EXERCISE REQUIREMENTS
Although the data holds pictures, return only the lines from the one containing "Balade avec un âne" to the end, exactly, and without them.

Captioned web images
######
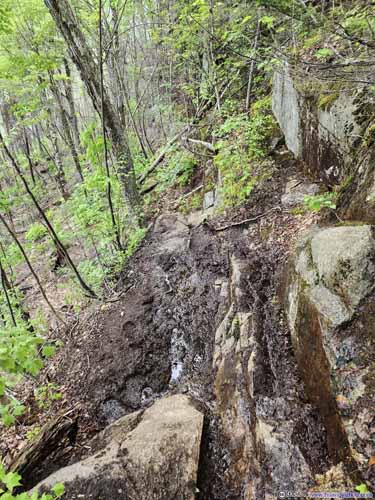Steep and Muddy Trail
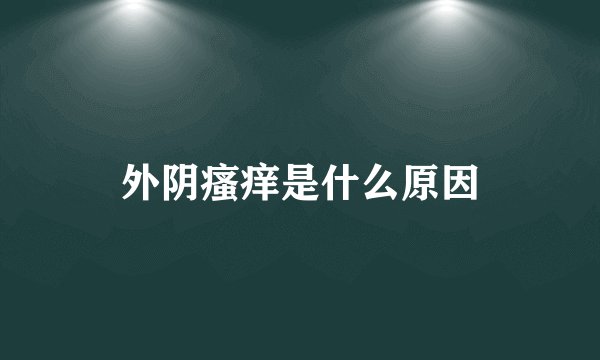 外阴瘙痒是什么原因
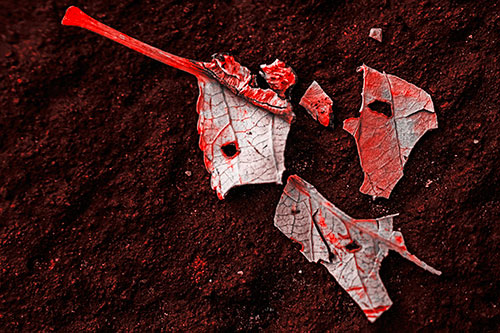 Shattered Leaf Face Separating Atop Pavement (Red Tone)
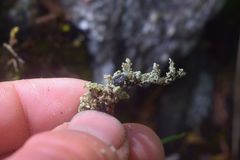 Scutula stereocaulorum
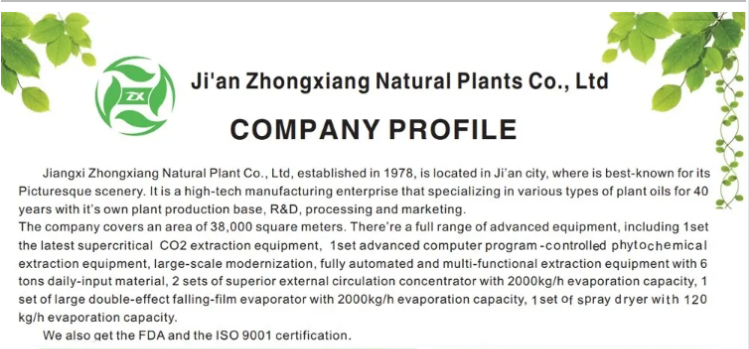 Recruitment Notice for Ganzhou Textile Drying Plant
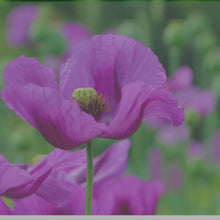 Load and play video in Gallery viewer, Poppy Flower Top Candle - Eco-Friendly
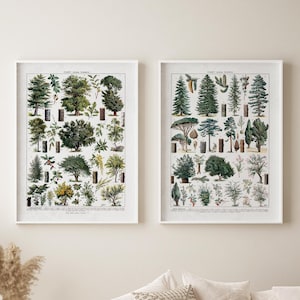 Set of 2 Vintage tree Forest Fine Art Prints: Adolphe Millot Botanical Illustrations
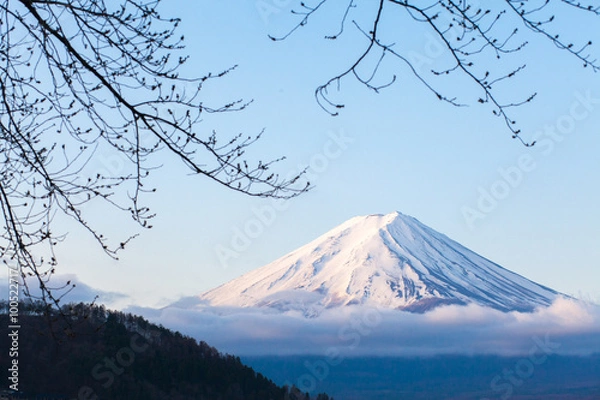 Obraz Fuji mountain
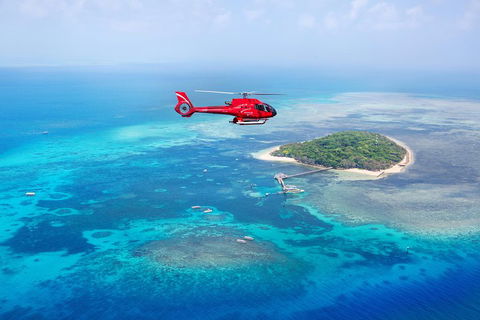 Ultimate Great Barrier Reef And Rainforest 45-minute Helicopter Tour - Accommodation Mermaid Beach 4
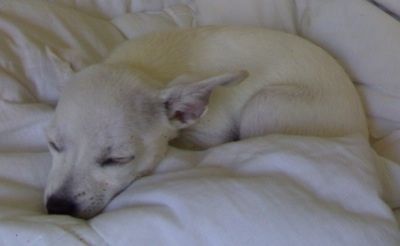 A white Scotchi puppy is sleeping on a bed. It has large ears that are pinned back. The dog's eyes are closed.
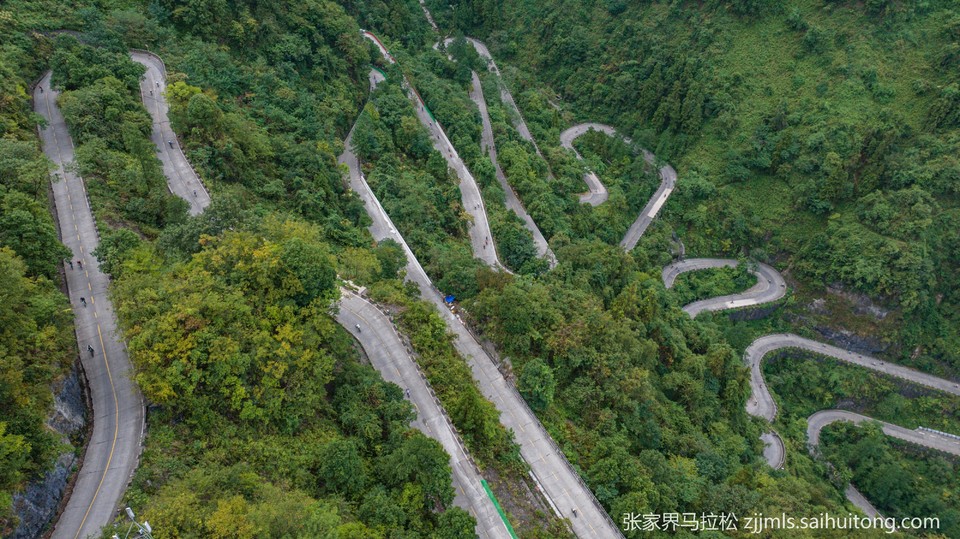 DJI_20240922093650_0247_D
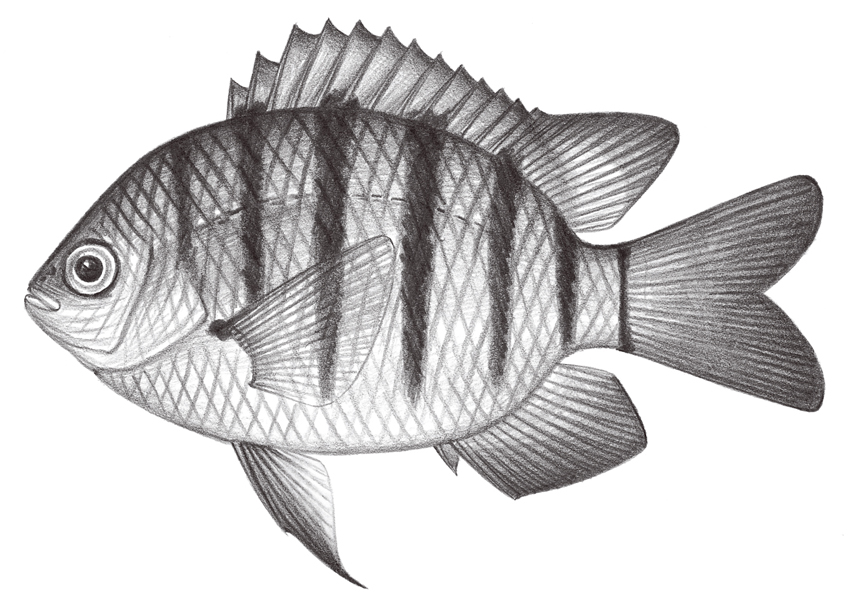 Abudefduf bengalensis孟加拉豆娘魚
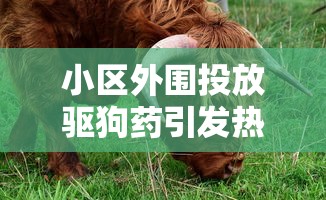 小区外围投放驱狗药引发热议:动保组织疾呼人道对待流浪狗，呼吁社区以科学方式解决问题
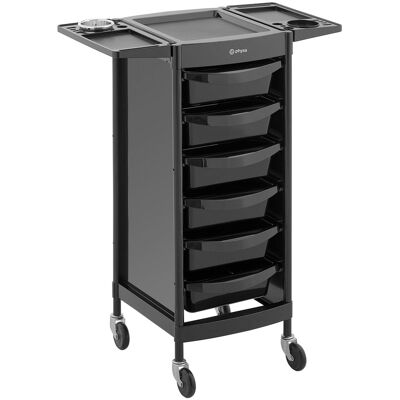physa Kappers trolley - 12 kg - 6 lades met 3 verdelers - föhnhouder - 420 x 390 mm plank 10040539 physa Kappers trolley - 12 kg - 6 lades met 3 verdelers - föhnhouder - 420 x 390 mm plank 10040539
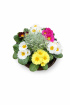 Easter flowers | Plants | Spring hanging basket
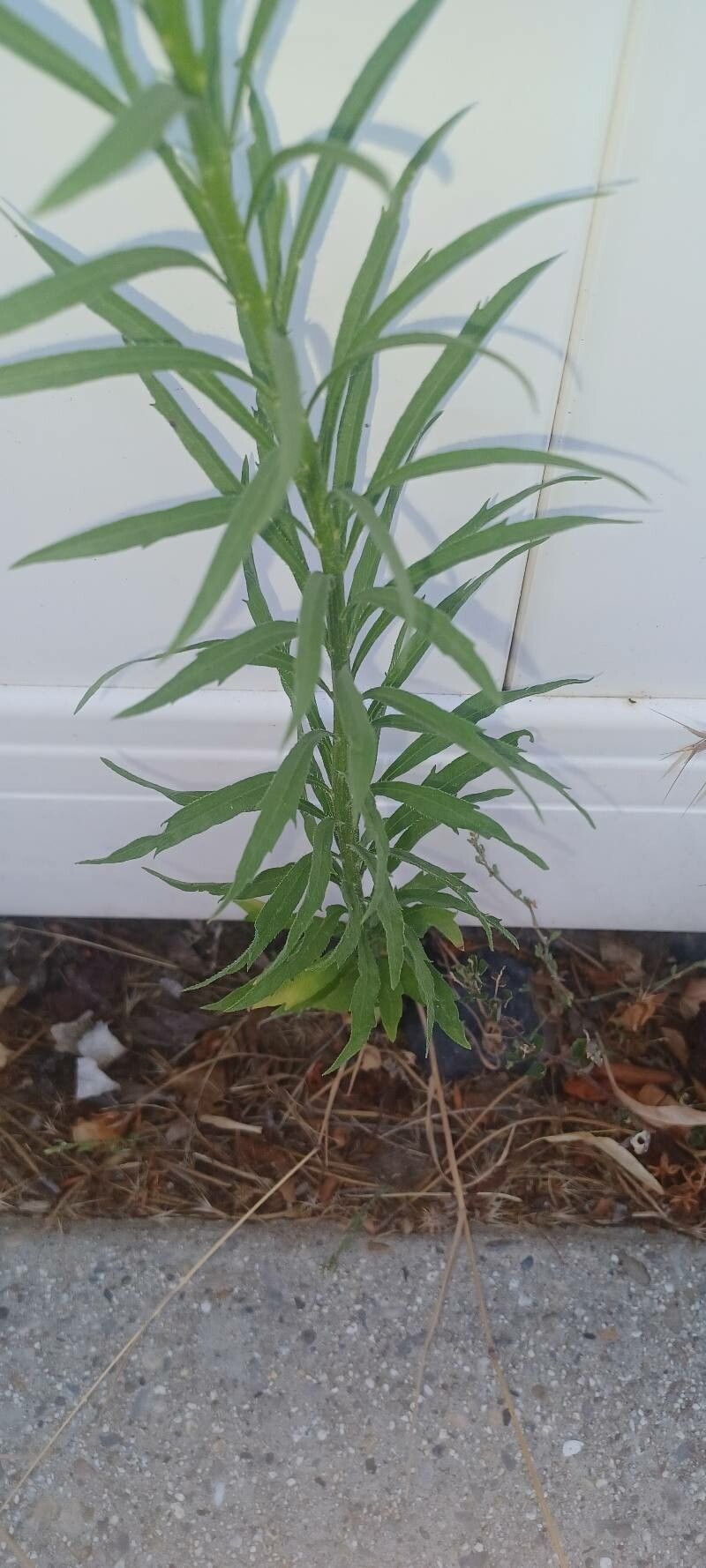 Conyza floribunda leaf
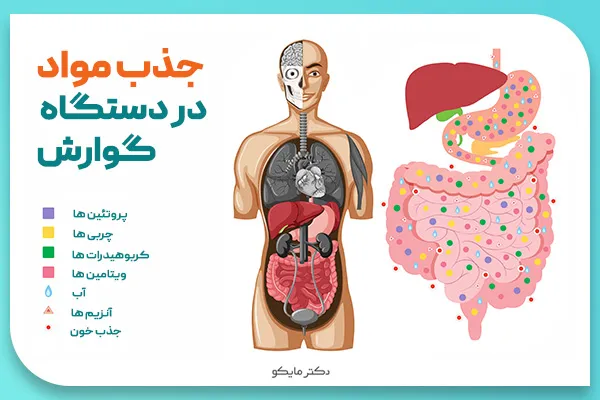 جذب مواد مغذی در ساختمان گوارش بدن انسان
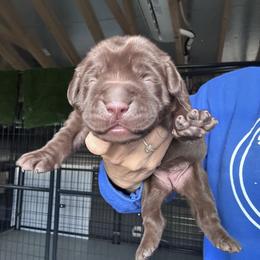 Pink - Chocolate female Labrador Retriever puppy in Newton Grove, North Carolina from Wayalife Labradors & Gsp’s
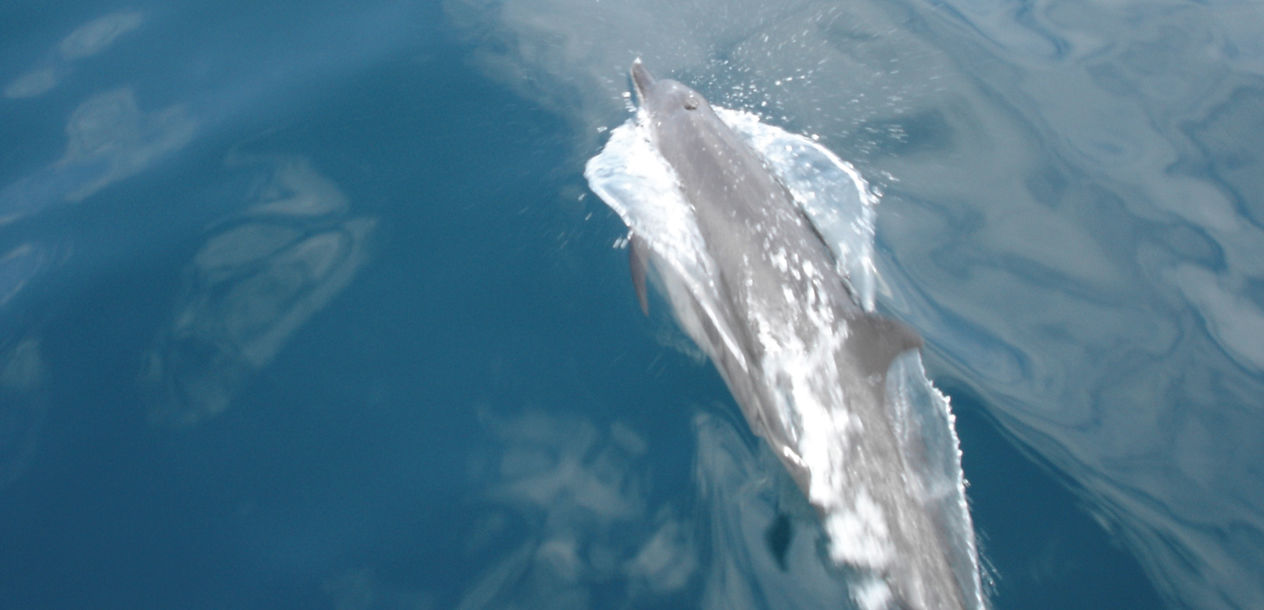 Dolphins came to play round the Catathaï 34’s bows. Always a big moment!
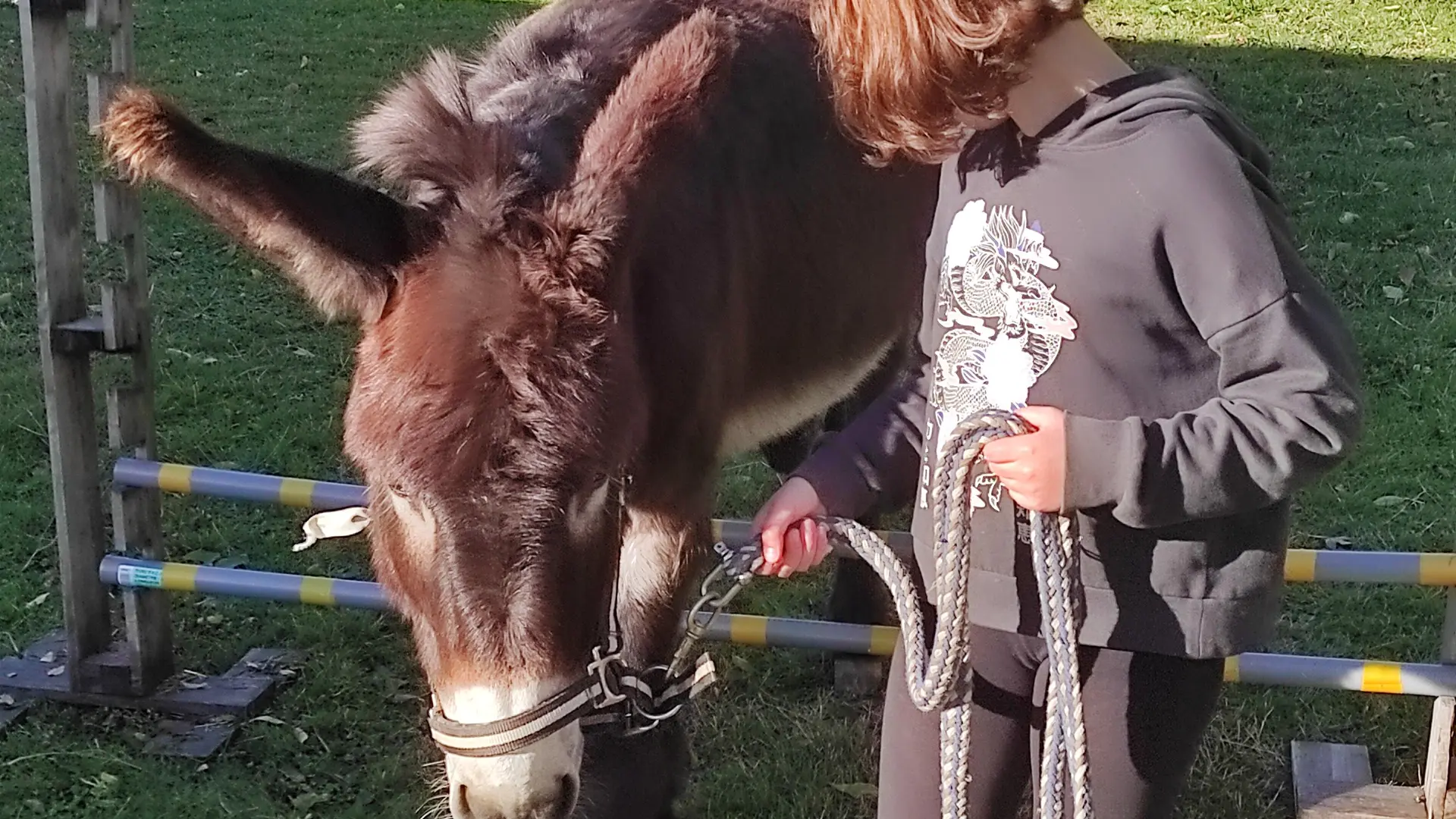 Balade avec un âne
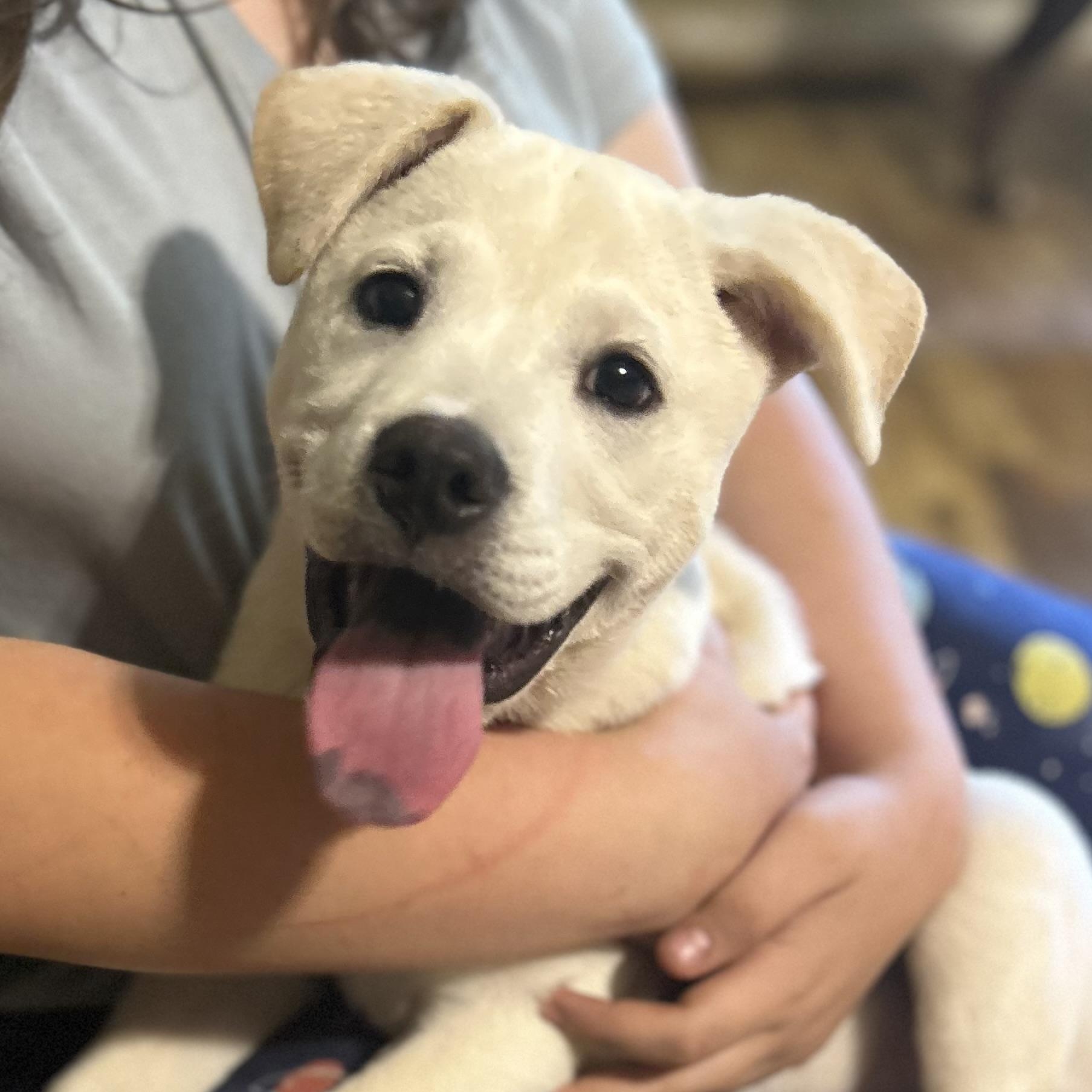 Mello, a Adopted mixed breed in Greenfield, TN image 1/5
######
WRITTEN ANSWER
 Balade avec un âne
 Mello, a Adopted mixed breed in Greenfield, TN image 1/5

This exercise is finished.